Scalable bayesian shadow tomography for quantum property estimation with set transformers
This work addresses scalable quantum property estimation for quantum computing, offering a novel method that improves accuracy in resource-limited settings.
The authors tackled the problem of estimating quantum state properties from measurement data without full reconstruction, by integrating classical shadows with a set transformer to correct bias in estimators. Their Bayesian approach achieved over 99% reduction in mean squared error compared to classical shadows alone in few-copy regimes for tasks like GHZ state fidelity and Rényi entropy estimation.
A scalable Bayesian machine learning framework is introduced for estimating scalar properties of an unknown quantum state from measurement data, which bypasses full density matrix reconstruction.

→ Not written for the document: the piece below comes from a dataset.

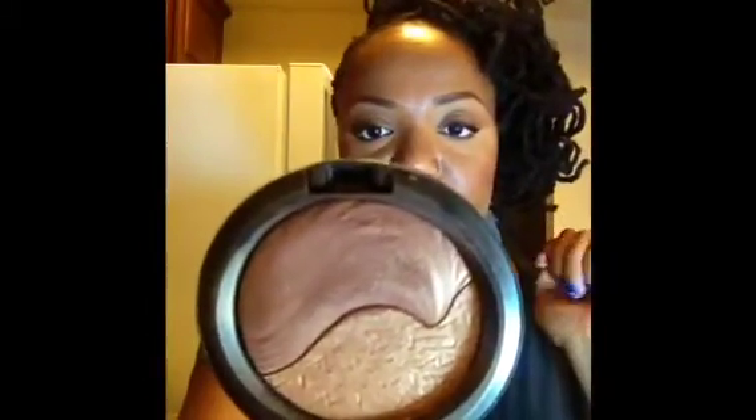For my highlight glow, if I want to do it, I have been obsessed with this since I got it. It is the MAC Extra Dimension Skin Finish in Double Definition — it's like a bronzy golden color.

This work is the first to integrate the classical shadows protocol with a permutation-invariant set transformer architecture, enabling the approach to predict and correct bias in existing estimators to approximate the true Bayesian posterior mean. Measurement outcomes are encoded as fixed-dimensional feature vectors, and the network outputs a residual correction to a baseline estimator. Scalability to large quantum systems is ensured by the polynomial dependence of input size on system size and number of measurements. On Greenberger-Horne-Zeilinger state fidelity and second-order Rényi entropy estimation tasks -- using random Pauli and random Clifford measurements -- this Bayesian estimator always achieves lower mean squared error than classical shadows alone, with more than a 99\% reduction in the few copy regime.